▸ EXERCISE DESCRIPTION
Nothing but the records, transcribed verbatim and stripped of images, should appear in the answer.

Collected data
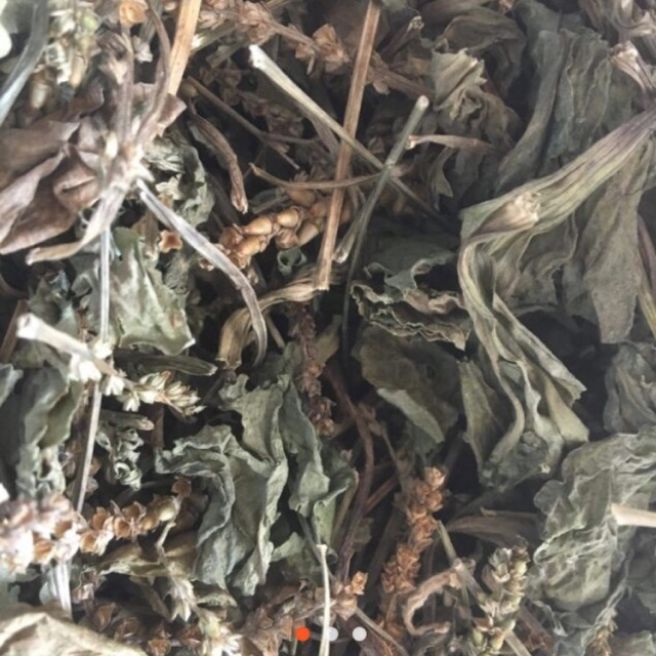 500g cây bông mã đề khô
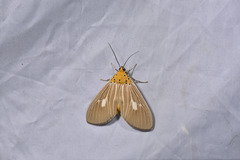 Asota plaginota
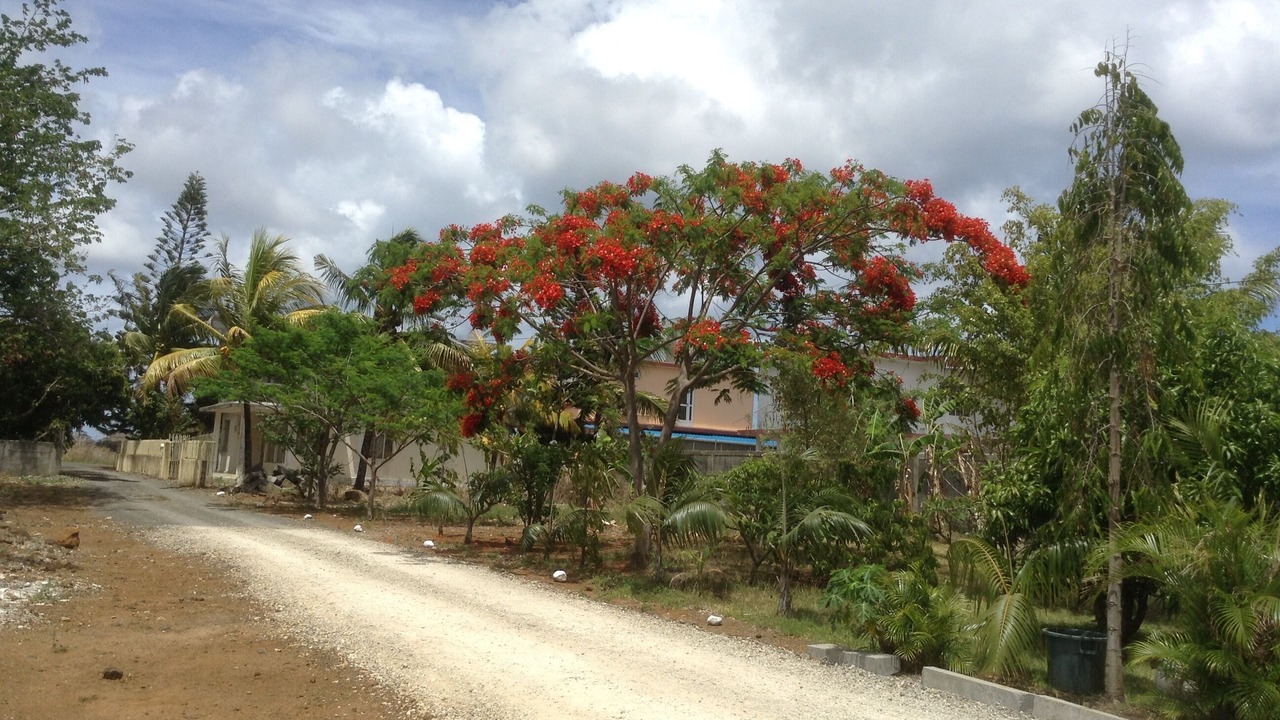 Photo of Outdoor in Trou aux Biches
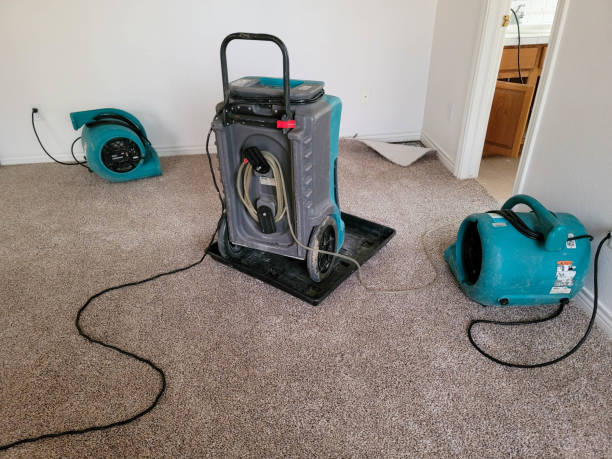 Best Water damage restoration near me  in Florida, NY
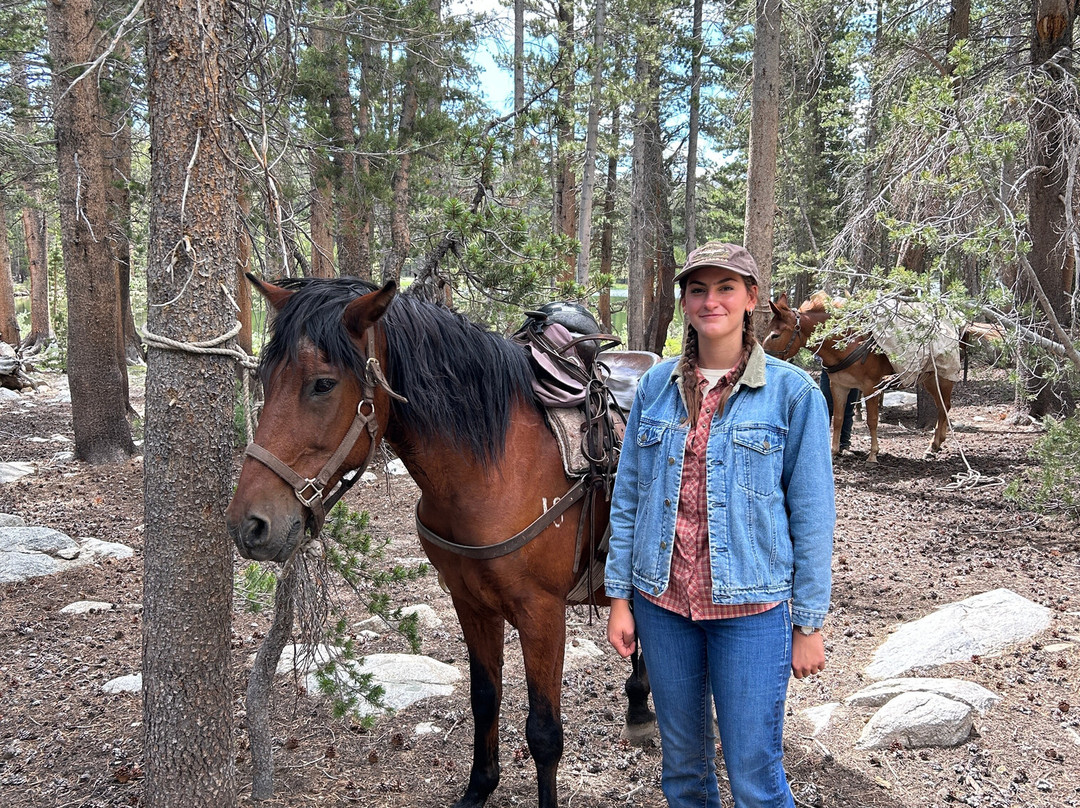 Rock Creek Pack Station-毕晓普必去景点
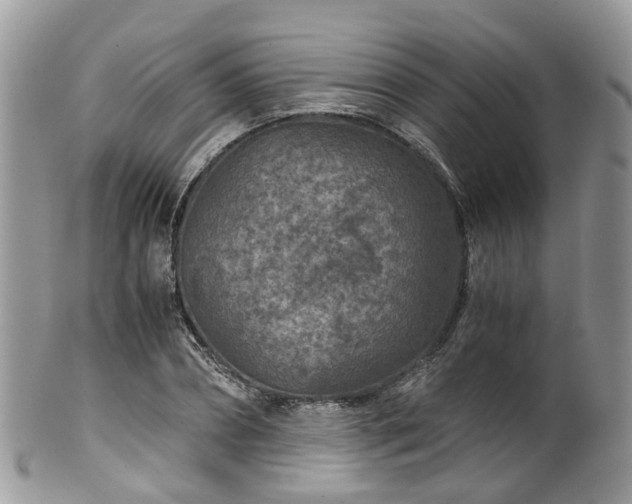 X0000100420882200806131056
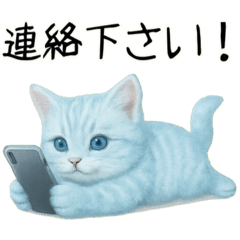 推し猫(青)…………..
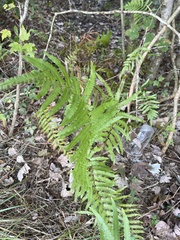 Cyclosorus interruptus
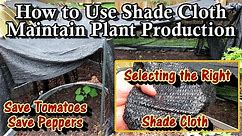 Beat the Heat - How to Select & Use Shade Cloth in Your Garden: Keep Tomatoes & Peppers Producing!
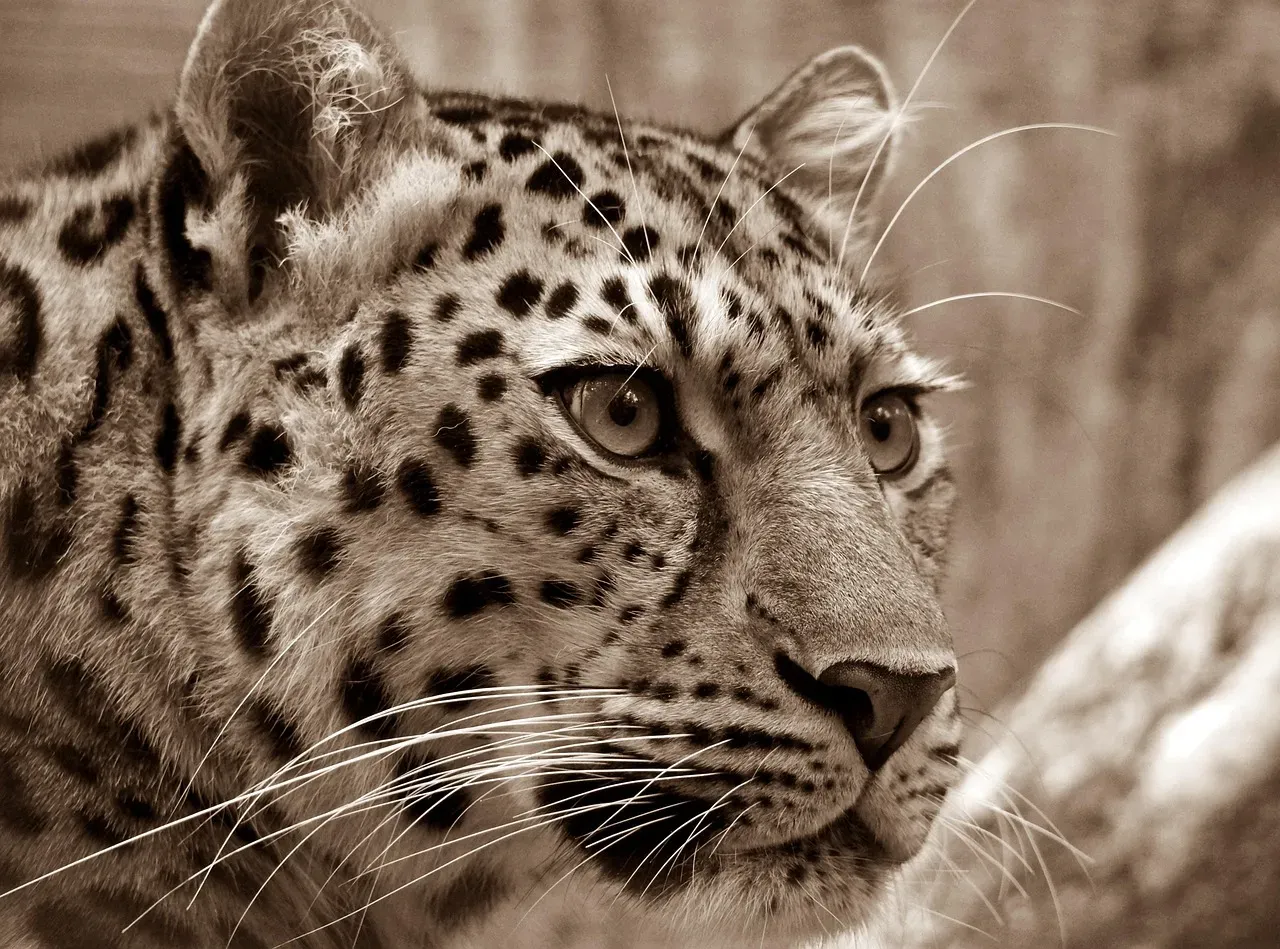 #2 Scent marks work like a leopard's personal filing system (Image Credits: Pixabay)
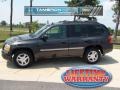 Graphite Gray Metallic - Envoy SLT 4x4 Photo No. 1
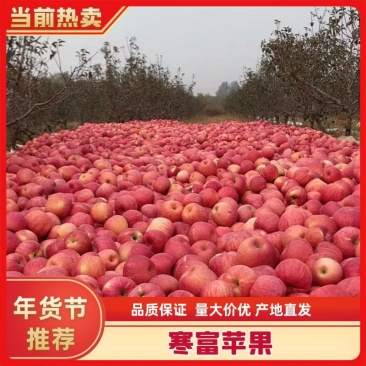 寒富苹果大量上市中，品质保证，按需分捡，欢迎采购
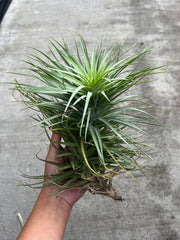 Tillandsia aeranthos 'Supreme'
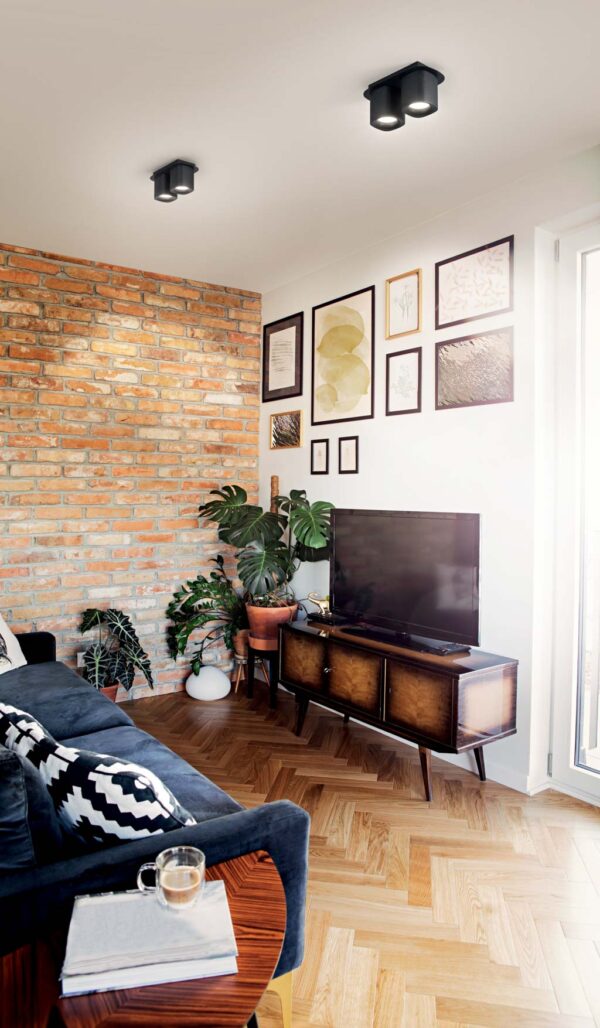 stylish-scandinavian-open-space-with-living-room-with-design-sofa-and-tv-table-bright-and-sunny-room-with-red-brick-wall-posters-composition-and-brown-wooden-parquet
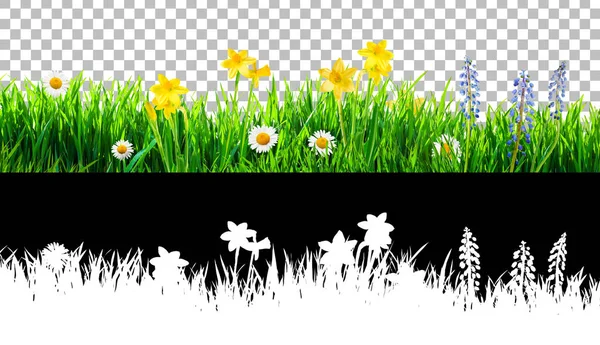 Spring grass and daisy wildflowers isolated with clipping path a — Stock Photo, Image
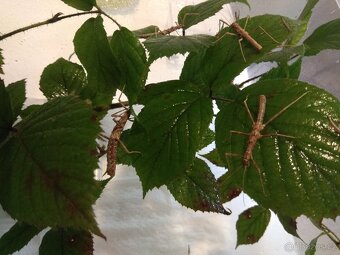 Strašilky a pakobylky - 10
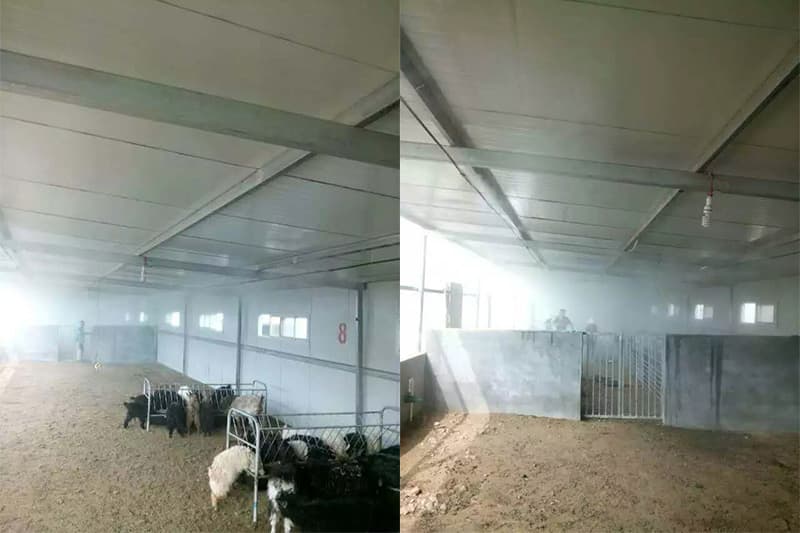 安陽林州羊場消毒項目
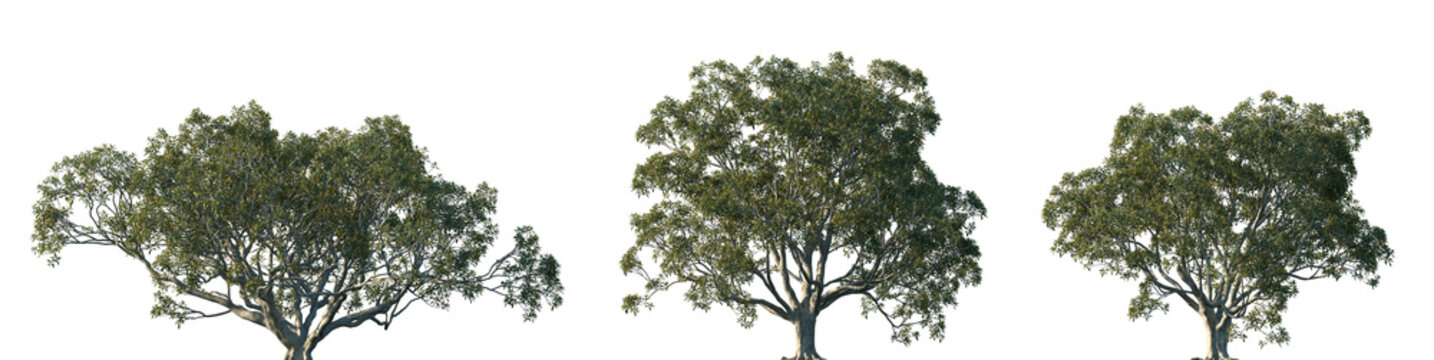 Set of Ficus macrophylla (commonly known as the Moreton Bay fig or Australian banyan) frontal set street trees isolated png on a transparent background perfectly cutout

▸ EXERCISE OUTPUT
 500g cây bông mã đề khô
 Asota plaginota
 Photo of Outdoor in Trou aux Biches
 Best Water damage restoration near me  in Florida, NY
 Rock Creek Pack Station-毕晓普必去景点
 X0000100420882200806131056
 推し猫(青)…………..
 Cyclosorus interruptus
 Beat the Heat - How to Select & Use Shade Cloth in Your Garden: Keep Tomatoes & Peppers Producing!
 #2 Scent marks work like a leopard's personal filing system (Image Credits: Pixabay)
 Graphite Gray Metallic - Envoy SLT 4x4 Photo No. 1
 寒富苹果大量上市中，品质保证，按需分捡，欢迎采购
 Tillandsia aeranthos 'Supreme'
 stylish-scandinavian-open-space-with-living-room-with-design-sofa-and-tv-table-bright-and-sunny-room-with-red-brick-wall-posters-composition-and-brown-wooden-parquet
 Spring grass and daisy wildflowers isolated with clipping path a — Stock Photo, Image
 Strašilky a pakobylky - 10
 安陽林州羊場消毒項目
 Set of Ficus macrophylla (commonly known as the Moreton Bay fig or Australian banyan) frontal set street trees isolated png on a transparent background perfectly cutout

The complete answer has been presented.